There are limited data from clinical trials to fully assess the safety of the sequential use of other DMARDs (including TNF inhibitors and other biologics) following rituximab. The available data indicate that the rate of clinically relevant infection is unchanged when such therapies are used in patients previously treated with rituximab, however patients should be closely observed for signs of infection if biologic agents and/or DMARDs are used following rituximab therapy.
Malignancy: Immunomodulatory drugs may increase the risk of malignancy. However available data do not suggest an increased risk of malignancy for rituximab used in autoimmune indications beyond the malignancy risk already associated with underlying autoimmune condition.
See prescribing information for full details.

 See prescribing information for full details.

Currently, there are limited data on possible drug interactions with rituximab.
In CLL patients, co-administration with rituximab did not appear to have an effect on the pharmacokinetics of fludarabine or cyclophosphamide. In addition, there was no apparent effect of fludarabine and cyclophosphamide on the pharmacokinetics of rituximab.
Co-administration with methotrexate had no effect on the pharmacokinetics of rituximab in rheumatoid arthritis patients.
Patients with human anti-mouse antibody (HAMA) or anti-drug antibody (ADA) titres may have allergic or hypersensitivity reactions when treated with other diagnostic or therapeutic monoclonal antibodies.
In patients with rheumatoid arthritis, 283 patients received subsequent therapy with a biologic DMARD following rituximab.

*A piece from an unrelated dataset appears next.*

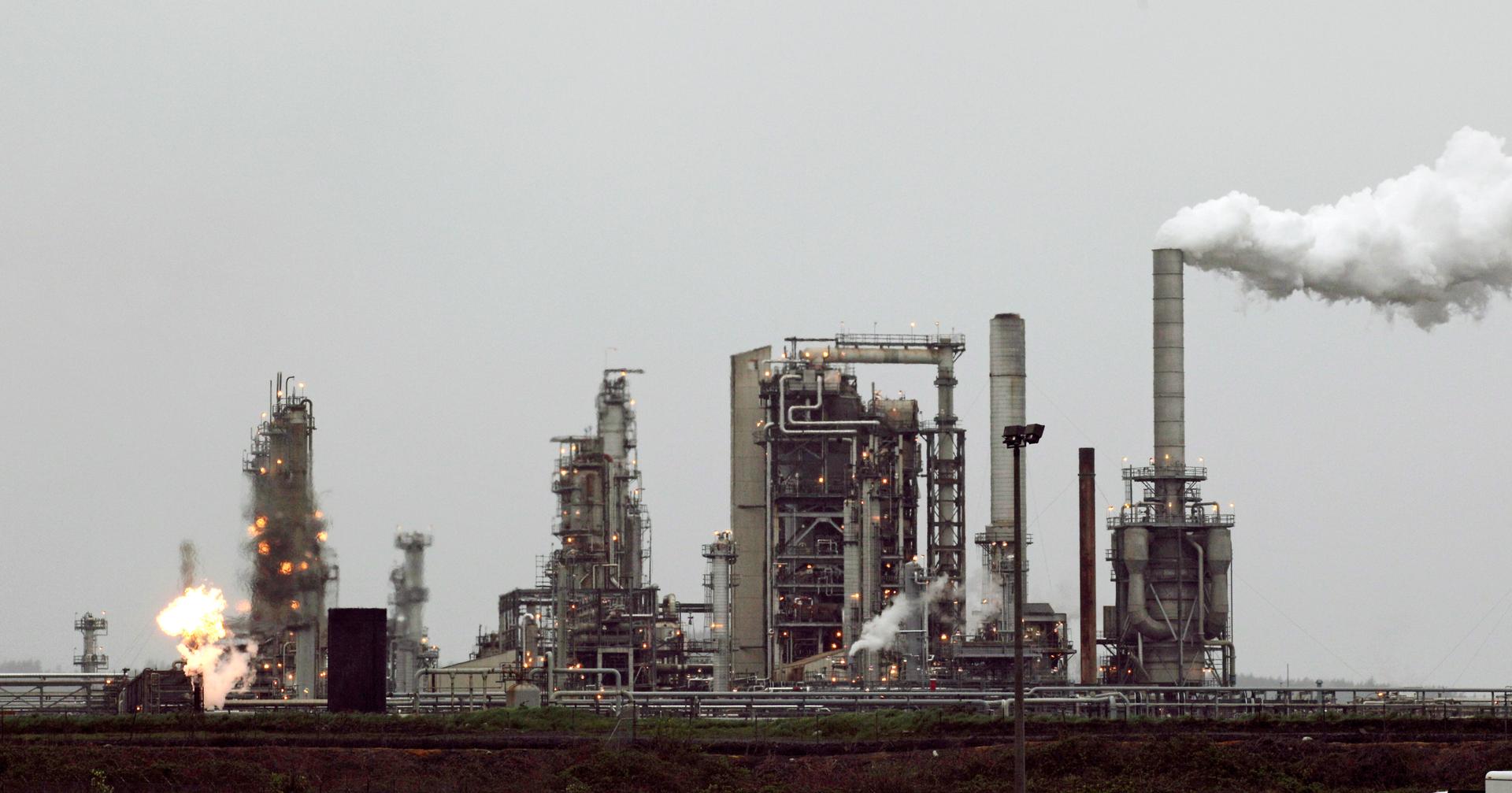 A Tesoro Corp. refinery, including a gas flare flame that is part of normal plant operations, in Anacortes, Washington.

In these patients the rate of clinically relevant infection while on rituximab was 6.01 per 100 patient years compared to 4.97 per 100 patient years following treatment with the biologic DMARD.

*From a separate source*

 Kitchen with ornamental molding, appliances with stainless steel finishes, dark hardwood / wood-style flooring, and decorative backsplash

Contraception in males and females:
Due to the long retention time of rituximab in B cell depleted patients, women of childbearing potential should use effective contraceptive methods during and for 12 months following treatment.
Pregnancy:
IgG immunoglobulins are known to cross the placental barrier.
B cell levels in human neonates following maternal exposure to rituximab have not been studied in clinical trials. There are no adequate and well-controlled data from studies in pregnant women, however transient B-cell depletion and lymphocytopenia have been reported in some infants born to mothers exposed to rituximab during pregnancy. Similar effects have been observed in animal studies. For these reasons, this medicinal product should not be administered to pregnant women unless the possible benefit outweighs the potential risk.
Breast-feeding:
Limited data on rituximab excretion into breast milk suggest very low rituximab concentrations in milk (relative infant dose less than 0.4%). Few cases of follow-up of breastfed infants describe normal growth and development up to 2 years. However, as these data are limited and the long-term outcomes of breastfed infants remain unknown, breast-feeding is not recommended while being treated with rituximab and optimally for 6 months following rituximab treatment.
Fertility:
Animal studies did not reveal deleterious effects of rituximab on reproductive organs.

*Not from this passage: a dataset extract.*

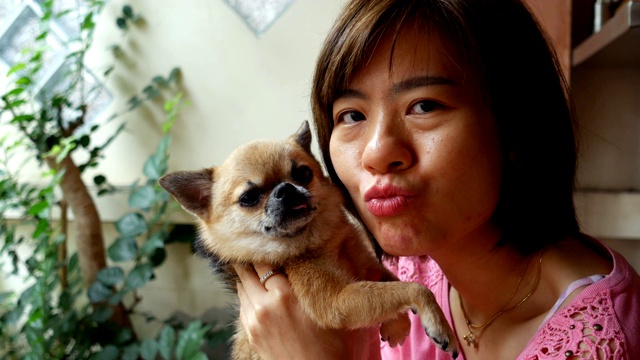 中景:亚洲短发妇女抱着一只狗在房子前玩耍视频下载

Limited experience with doses higher than the approved dose of intravenous rituximab formulation is available from clinical trials in humans. The highest intravenous dose of rituximab tested in humans to date is 5000 mg (2250 mg/m2), tested in a dose escalation study in patients with CLL. No additional safety signals were identified.
Patients who experience overdose should have immediate interruption of their infusion and be closely monitored.
In the post-marketing setting five cases of rituximab overdose have been reported. Three cases had no reported adverse event. The two adverse events that were reported were flu-like symptoms, with a dose of 1.8 g of rituximab and fatal respiratory failure, with a dose of 2 g of rituximab.

Store in a refrigerator (2°C – 8°C).
Keep the vial in the outer carton in order to protect from light.